Nueva Versión Internacional (Castilian)

Hechos 3:1-26

Pedro sana a un mendigo lisiado

1Cierto día subían Pedro y Juan al templo a las tres de la tarde,3:1 las tres de la tarde. Lit. la hora novena. que es la hora de la oración. 2Junto a la puerta llamada Hermosa había un hombre lisiado de nacimiento, al que todos los días dejaban allí para que pidiera limosna a los que entraban en el templo. 3Cuando este vio que Pedro y Juan iban a entrar, les pidió limosna. 4Pedro, con Juan, mirándolo fijamente, le dijo:

―¡Míranos!

5El hombre fijó en ellos la mirada, esperando recibir algo.

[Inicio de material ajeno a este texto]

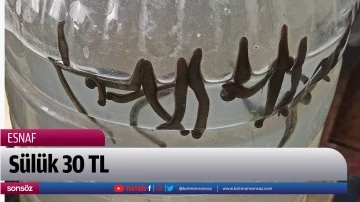 S&uuml;l&uuml;k 30 TL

6―No tengo plata ni oro —declaró Pedro—, pero lo que tengo te doy. En el nombre de Jesucristo de Nazaret, ¡levántate y anda!

7Y, tomándolo por la mano derecha, lo levantó. Al instante, los pies y los tobillos del hombre cobraron fuerza. 8De un salto se puso en pie y comenzó a caminar. Luego entró con ellos en el templo por sus propios pies, saltando y alabando a Dios. 9Cuando todo el pueblo lo vio caminar y alabar a Dios, 10lo reconocieron como el mismo hombre que solía pedir limosna sentado junto a la puerta llamada Hermosa, y se llenaron de admiración y asombro por lo que le había ocurrido.

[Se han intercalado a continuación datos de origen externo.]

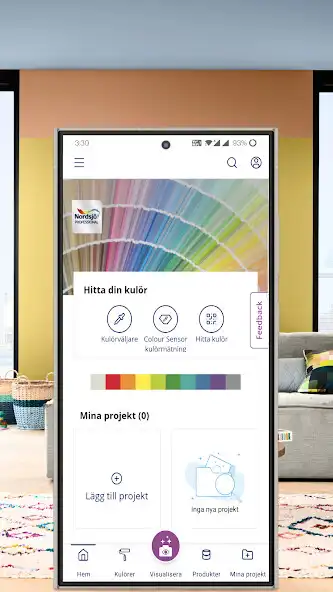 Play Nordsjö Professional Expert SV  and enjoy Nordsjö Professional Expert SV with UptoPlay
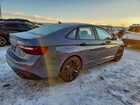 2024 Volkswagen Jetta 40th Anniversary Gray vin: 3VW8T7BU2RM084574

Pedro se dirige a los espectadores

11Mientras el hombre seguía aferrado a Pedro y a Juan, toda la gente, que no salía de su asombro, corrió hacia ellos al lugar conocido como Pórtico de Salomón. 12Al ver esto, Pedro les dijo: «Pueblo de Israel, ¿por qué os sorprende lo que ha pasado? ¿Por qué nos miráis como si por nuestro propio poder o virtud hubiéramos hecho caminar a este hombre? 13El Dios de Abraham, de Isaac y de Jacob, el Dios de nuestros antepasados, ha glorificado a su siervo Jesús. Vosotros lo entregasteis y lo rechazasteis ante Pilato, aunque este había decidido soltarlo. 14Rechazasteis al Santo y Justo, y pedisteis que se indultara a un asesino. 15Matasteis al autor de la vida, pero Dios lo levantó de entre los muertos, y de eso nosotros somos testigos. 16Por la fe en el nombre de Jesús, él ha restablecido a este hombre a quien vosotros veis y conocéis. Esta fe que viene por medio de Jesús lo ha sanado por completo, como os consta.

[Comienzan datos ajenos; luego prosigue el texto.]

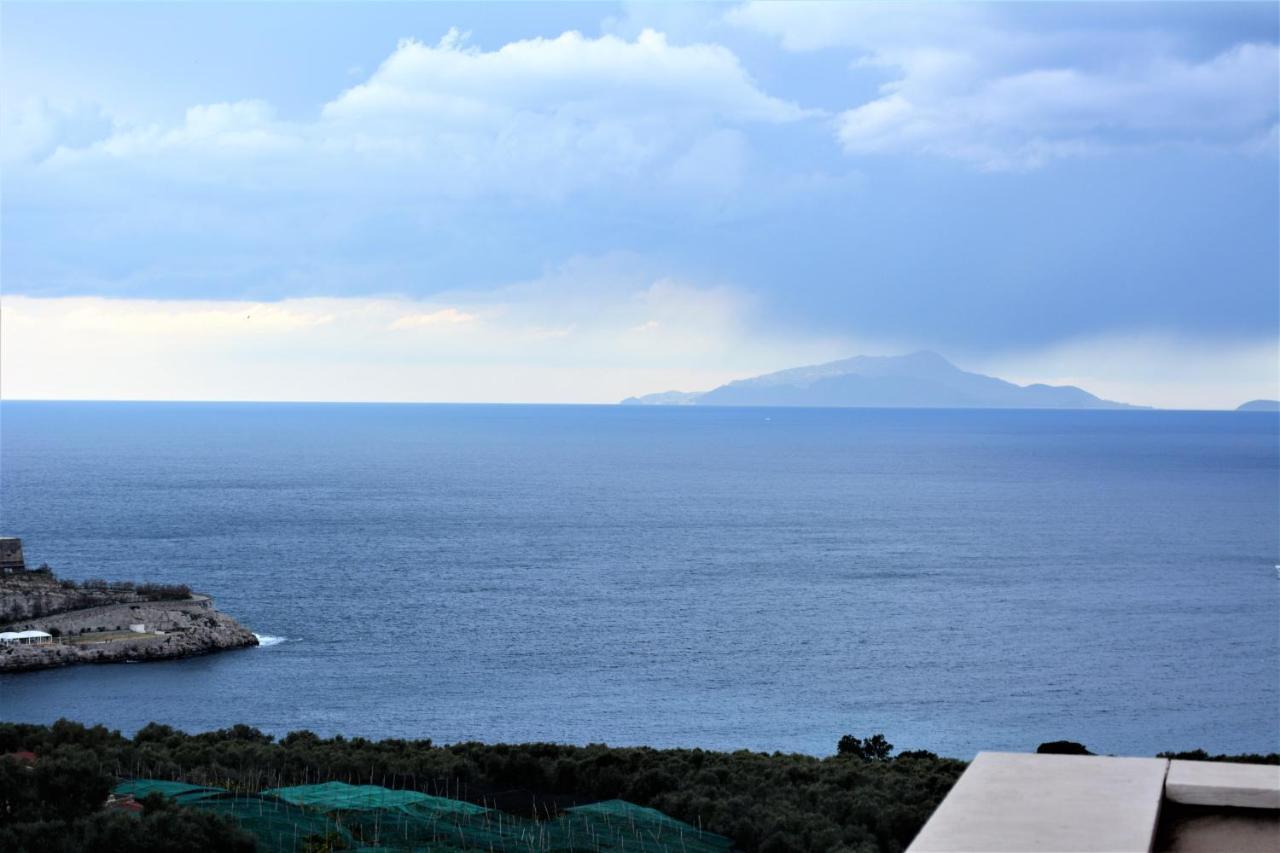 Hotel Dania Σορέντο Εξωτερικό φωτογραφία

17»Ahora bien, hermanos, yo sé que vosotros y vuestros dirigentes actuasteis así por ignorancia. 18Pero de este modo Dios cumplió lo que de antemano había anunciado por medio de todos los profetas: que su Mesías tenía que padecer. 19Por tanto, para que sean borrados vuestros pecados, arrepentíos y volveos a Dios, a fin de que vengan tiempos de descanso de parte del Señor, 20enviándoos el Mesías que ya había sido preparado para vosotros, el cual es Jesús. 21Es necesario que él permanezca en el cielo hasta que llegue el tiempo de la restauración de todas las cosas, como Dios lo ha anunciado desde hace siglos por medio de sus santos profetas. 22Moisés dijo: “El Señor vuestro Dios hará surgir para vosotros, de entre vuestros propios hermanos, a un profeta como yo; prestad atención a todo lo que os diga. 23Porque quien no le haga caso será eliminado del pueblo”.3:23 Lv 23:29; Dt 18:15,18,19

24»En efecto, a partir de Samuel todos los profetas han anunciado estos días. 25Vosotros, pues, sois herederos de los profetas y del pacto que Dios estableció con nuestros antepasados al decirle a Abraham: “Todos los pueblos del mundo serán bendecidos por medio de tu descendencia”.3:25 Gn 22:18; 26:4 26Cuando Dios resucitó a su siervo, lo envió primero a vosotros para daros la bendición de que cada uno se convierta de sus maldades».